You see, the reason they're called "Fruit Flies" is because they lay their eggs in moist foods of various sorts, but not necessarily fruits.  Lots of foods go down the kitchen sink drain, and if they're accumulating in a pile in a crawl space under the house, that's the perfect pile/place for a fruit fly to lay her eggs.

Any time you suddenly get an infestation of small little flies (baby fruit flies) in a house, the first thought should be: "When was the last time I tossed out the garbage?", and "Could the drain line from my kitchen sink be dumping all the stuff that goes down it into a pile in my crawl space, and is that pile now incubating and nourishing a new generation of fruit fly larvae (commonly called "maggots")?"


----------



## funetical (Oct 19, 2009)

I'm sure they do. I'm serious you hang bags of water and it's supposed to keep the flies away. The jerk brother in law of mine even added pennies to the last ones that he did.


----------



## Cork-Guy (Oct 19, 2009)

"_Evidently, houseflies, being highly edible and defenseless, are nervous types, and don't like to sit still when they see something moving nearby, because it could be a predator. The water bag acts a bit like a lens--try it some time--in which the movements of people in the area are reflected. Even if the fly is too far from the action to see it directly, it can see a shifting of light and dark in the water bag, which it interprets as nearby movement, and it will fly away from the bag._"

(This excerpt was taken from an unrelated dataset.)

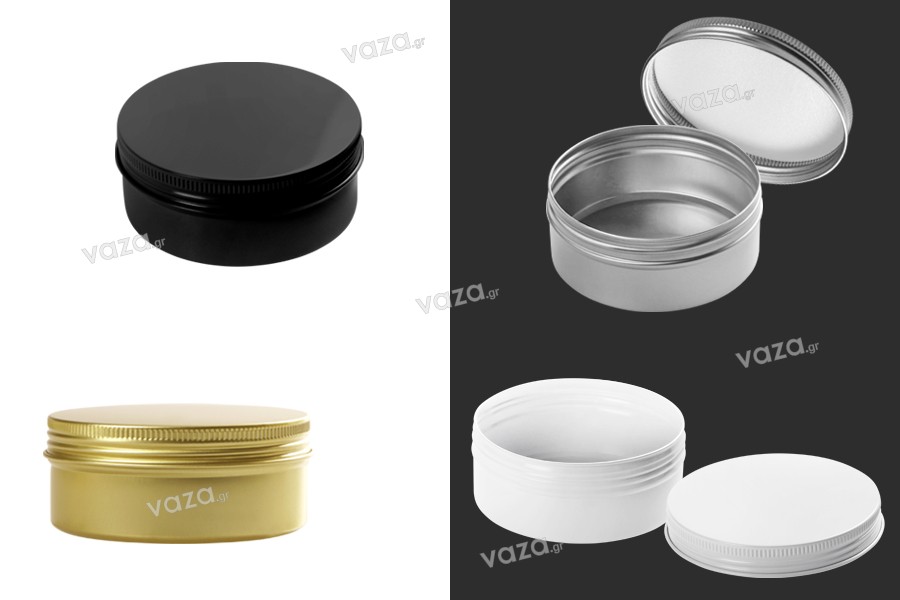 Aluminum jar 150 ml with inner gasket on the lid - 12 pcs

Maybe you need to learn how to use Google better.... hehe

The Straight Dope: What's the purpose of bags of water hanging in restaurants?
Home Remedies for House Flies
Let's focus on flies' eyes, water bags
How to Get Rid of Flies - howtogetridofstuff.com


----------



## funetical (Oct 20, 2009)

I know how to Google. I'm looking for the science of it. Assuming something works because it "works" doesn't mean it works, it means that you have the expected results. All the links you posted were people guessing. Is there a scientist on this forum?


----------



## Cork-Guy (Oct 20, 2009)

Ya, they hang in the scientific theory sub-forum...


----------



## travelover (Oct 21, 2009)

Cork-Guy said:


> Ya, they hang in the scientific theory sub-forum...



Right, in the "fly behavior" sub-sub-forum. 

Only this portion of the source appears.